INPUT:
· · ·
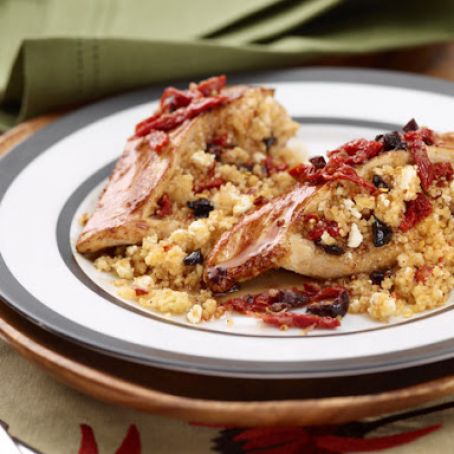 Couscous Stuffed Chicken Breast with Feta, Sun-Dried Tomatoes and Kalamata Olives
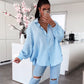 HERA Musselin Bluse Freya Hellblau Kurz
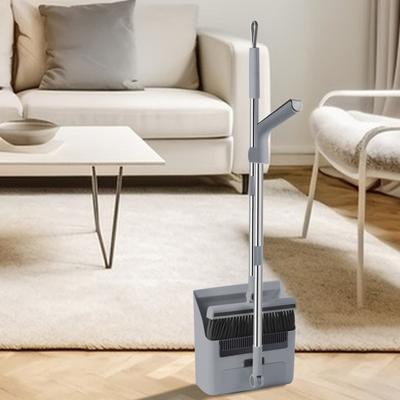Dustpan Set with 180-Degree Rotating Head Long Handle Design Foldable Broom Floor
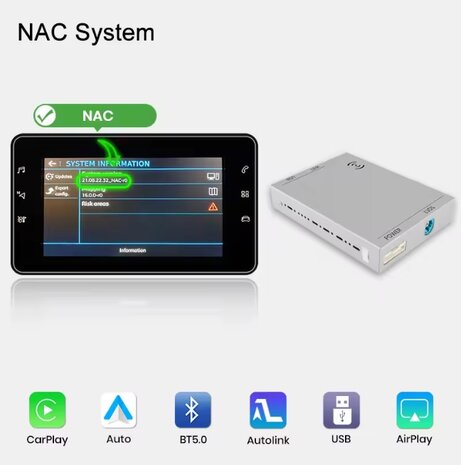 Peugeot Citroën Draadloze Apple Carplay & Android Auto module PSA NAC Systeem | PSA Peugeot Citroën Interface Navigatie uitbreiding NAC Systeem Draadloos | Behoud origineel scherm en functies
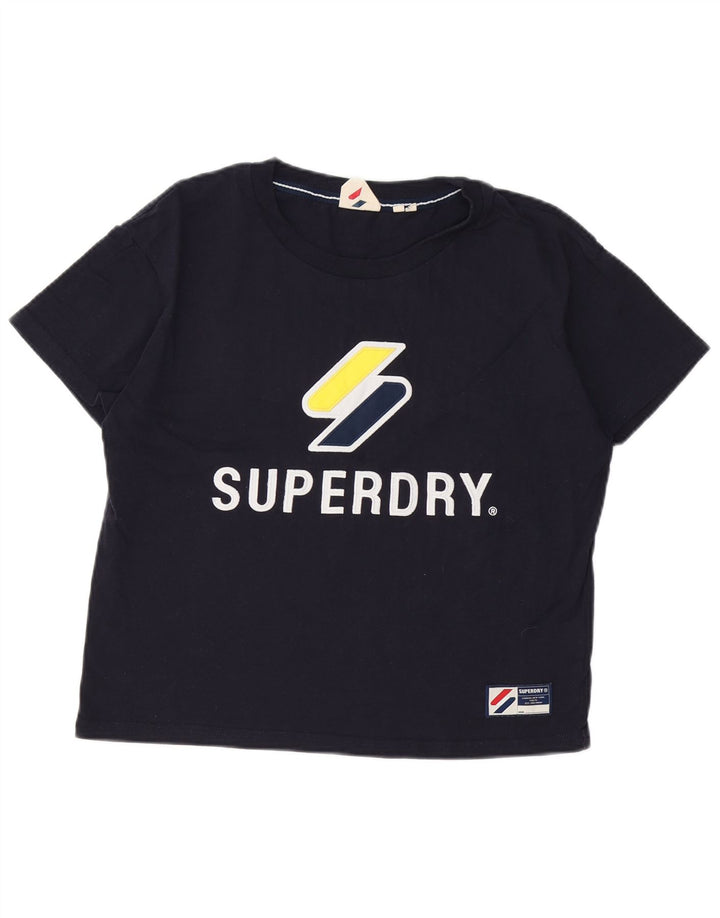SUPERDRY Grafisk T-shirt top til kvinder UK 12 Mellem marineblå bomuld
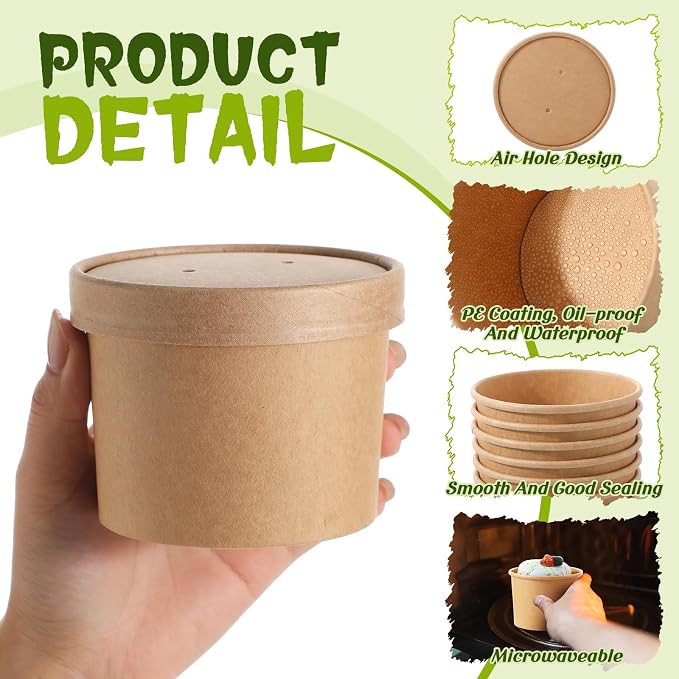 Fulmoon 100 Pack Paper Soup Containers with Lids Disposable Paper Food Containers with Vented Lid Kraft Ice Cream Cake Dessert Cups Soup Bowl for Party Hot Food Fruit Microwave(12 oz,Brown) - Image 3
· · ·
WHAT IS REQUIRED:
Pictures stay out of the copy, while everything else in the records above goes in exactly as written.

EXERCISE SOLUTION:
 Couscous Stuffed Chicken Breast with Feta, Sun-Dried Tomatoes and Kalamata Olives
 HERA Musselin Bluse Freya Hellblau Kurz
Dustpan Set with 180-Degree Rotating Head Long Handle Design Foldable Broom Floor
 Peugeot Citroën Draadloze Apple Carplay & Android Auto module PSA NAC Systeem | PSA Peugeot Citroën Interface Navigatie uitbreiding NAC Systeem Draadloos | Behoud origineel scherm en functies
SUPERDRY Grafisk T-shirt top til kvinder UK 12 Mellem marineblå bomuld
 Fulmoon 100 Pack Paper Soup Containers with Lids Disposable Paper Food Containers with Vented Lid Kraft Ice Cream Cake Dessert Cups Soup Bowl for Party Hot Food Fruit Microwave(12 oz,Brown) - Image 3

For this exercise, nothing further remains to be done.